The least seen floor in Terra Mariana

In the Estonian Knighthood House, there is a room we have all seen through our TV screens—the press conference room, both the ceiling and floor of which remain mostly invisible, as they are never in the camera’s field of view. Watching a presser on TV, you might even forget that these rooms are real, rather than theoretical ersatz places whose sole purpose is to generate another fake reality—the TV reality. Funnily enough, the wood flooring of the Knighthood House press room plays on the same theme in its own quiet and particular way. Simple wide floorboards are covered with two (!) layers of grained parquet. The more recent one is so well preserved that the high quality of the painter’s masterly lines can be grasped even by a layman.

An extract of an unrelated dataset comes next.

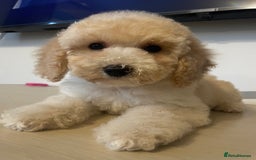 Cockapoo dogs for sale: Cockapoo F2 beautiful puppies ready to go  - Image 19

Estonian and Lithuanian prime ministers give a press conference on 24 March, 2025.
Photo: Government News
Photo: Martin Siplane

Someone who appreciates all sorts of fakeness and artificiality will find much that is exciting here. The two layers of grained parquet with their precious wood patterns have been delicately conserved and then covered with an extra-thick carpet. A boot heel can be quite detrimental when it comes to heritage protection, and no one is going to be handing out slippers at the door. Standing on the top of this three-layered biscuit of fakes, people in this so-called representative office building (a title which is a fib of its own) are generating the press room ideology, exercising hegemony, and telling nice stories (i.e., propaganda) about ourselves.

HANS ALLA is an omnivorous art critic. In his work as an art historian, he studies the history of imaging technologies, more specifically how the coming of smartphones has transformed the world of images beyond recognition.